Il secondo capo di imputazione riguarda le accuse di violenza sessuale. Per il magistrato bresciano, non ci sarebbero abbastanza prove a sostenerle. Sebbene le dichiarazioni della vittima possano da sole costituire un elemento di responsabilità penale dell'imputato, come peraltro prevede la legge, per Bassolino "la ricostruzione offerta (dalla donna, ndr) rispetto agli episodi di violenza sessuale appare poco chiara, certamente non lineare, confusionaria, ma soprattutto non corroborata da ulteriori elementi".

Dall'ascolto dei testimoni sarebbe emerso un solo caso di violenza sessuale riscontrabile, un fatto che la vittima avrebbe raccontato a un'altra donna ma che non avrebbe riportato nel suo resoconto giudiziario delle violenze subite. Secondo quanto ricostruito, lo stupro sarebbe avvenuto in un ospedale. Per il pm si tratta "di un evento che per la singolarità del luogo in cui è avvenuto dovrebbe rimanere particolarmente impresso e invero è addirittura assente nella ricostruzione fornita" dalla vittima.

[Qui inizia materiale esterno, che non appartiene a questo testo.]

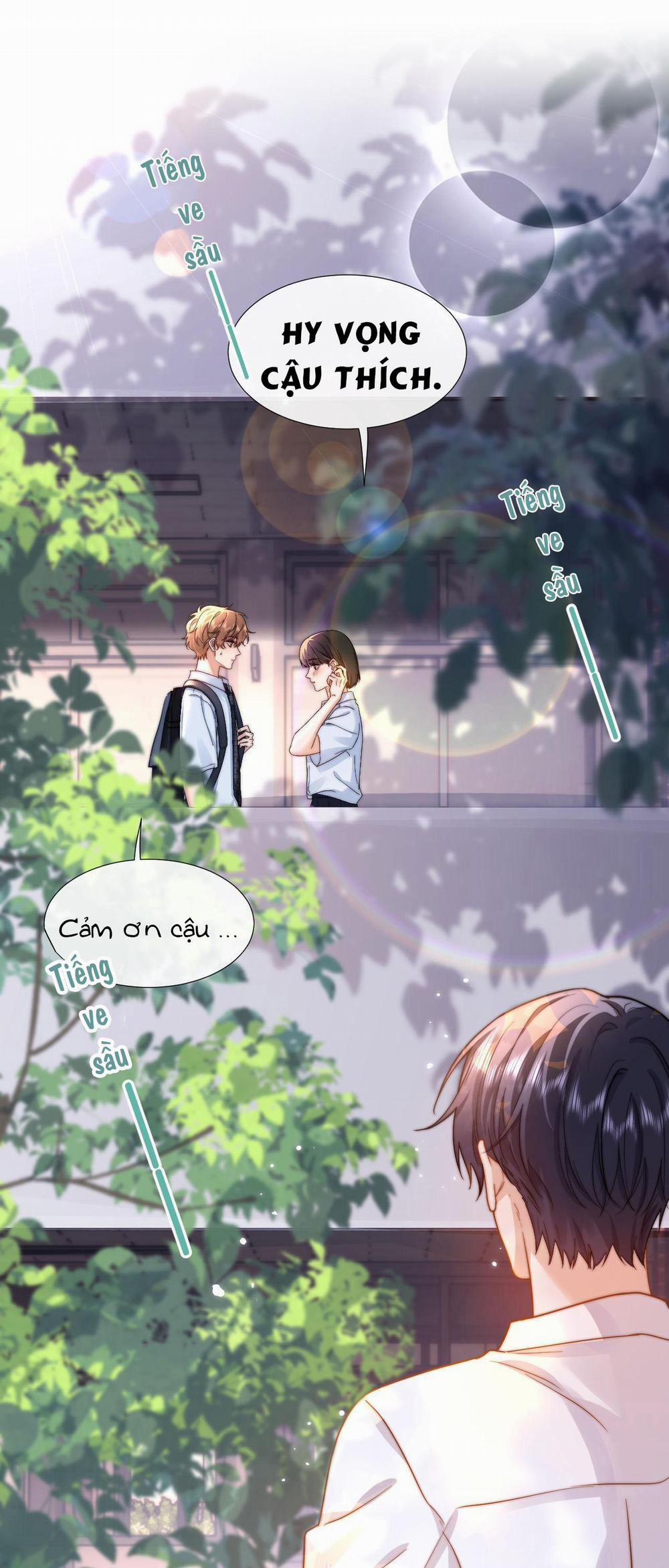 Chất gây dị ứng đáng yêu 6 trang 6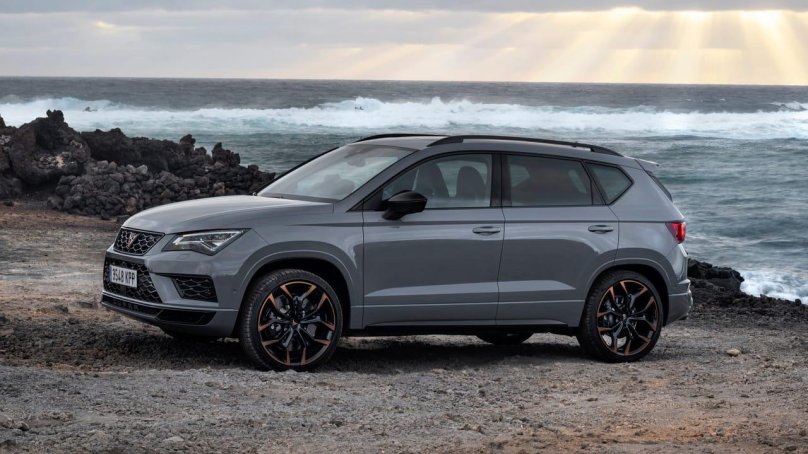 Cupra Ateca ABT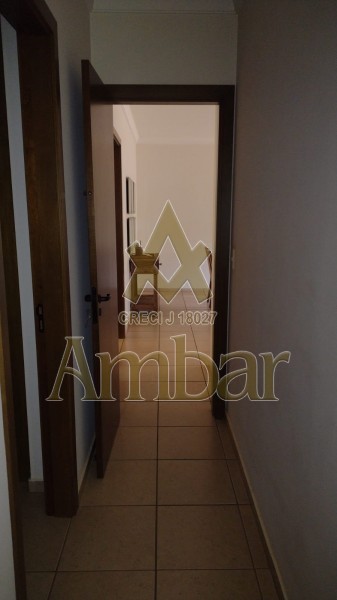 Ambar Imóveis | Imobiliária em Ribeirão Preto | Apartamento - JARDIM SANTA ANGELA - Ribeirão Preto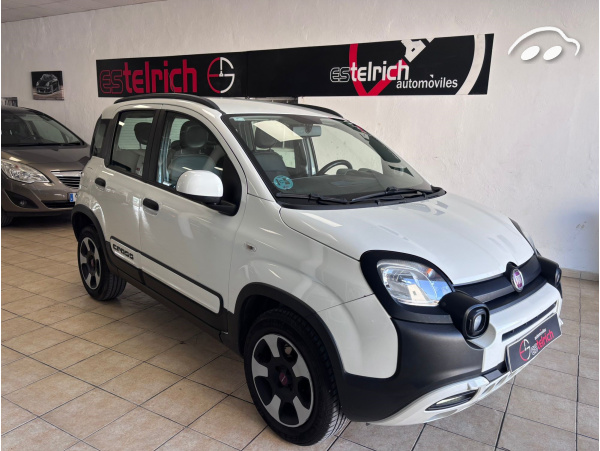 Fiat Panda  1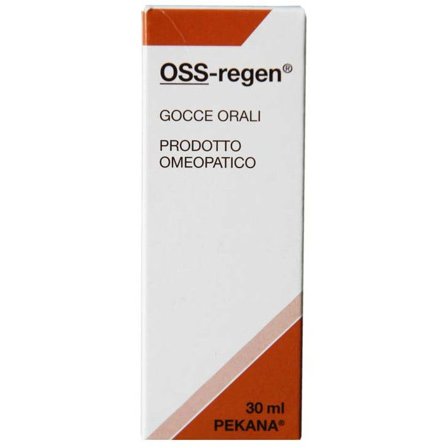 Oss Regen 30ml Gocce Pekana
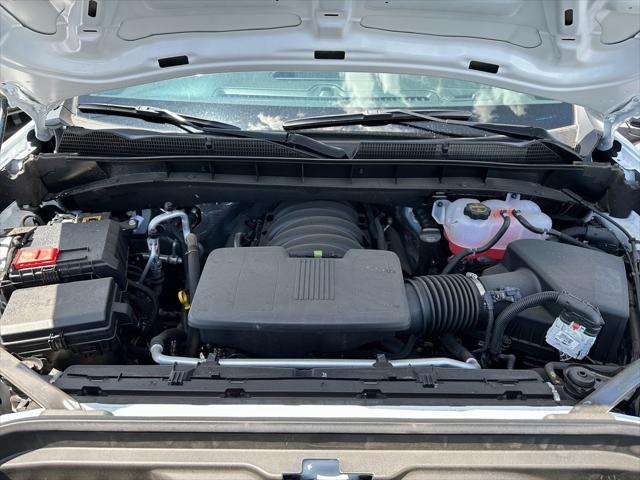 2025 GMC Sierra 1500 4WD Regular Cab Long Box Pro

Per questi motivi, per il magistrato non ci furono abusi. Nella sua richiesta di assoluzione, parla di rapporti sessuali che la vittima "accettava per quieto vivere (…) pur non avendone alcun desiderio". E tuttavia, questa tipologia di amplessi per lui "è ben lontana dalla costrizione che la norma incriminatrice richiede". Resta però da chiarire cosa sarebbe successo, in particolare alla donna, qualora fosse venuto meno quel "quieto vivere" che, secondo il pm, cercava di mantenere accettando rapporti sessuali non desiderati. E se il semplice fatto che la serenità familiare fosse messa in discussione dall'eventuale reazione dell'uomo non sia una forma di assoggettamento.

Nelle valutazioni del magistrato, a mettere in discussione l'ipotesi di reato è anche il comportamento della vittima. "Certo – aggiunge il pm – potrebbe astrattamente ricorrere l'abuso dell'autorità maritale, ma (…) non dovrebbe aversi un atteggiamento quale quello serbato dalla donna, cioè l'accettazione del rapporto per mantenere un ambiente coniugale più sereno". E con questa frase a essere sotto processo sembra più la vittima che l'imputato.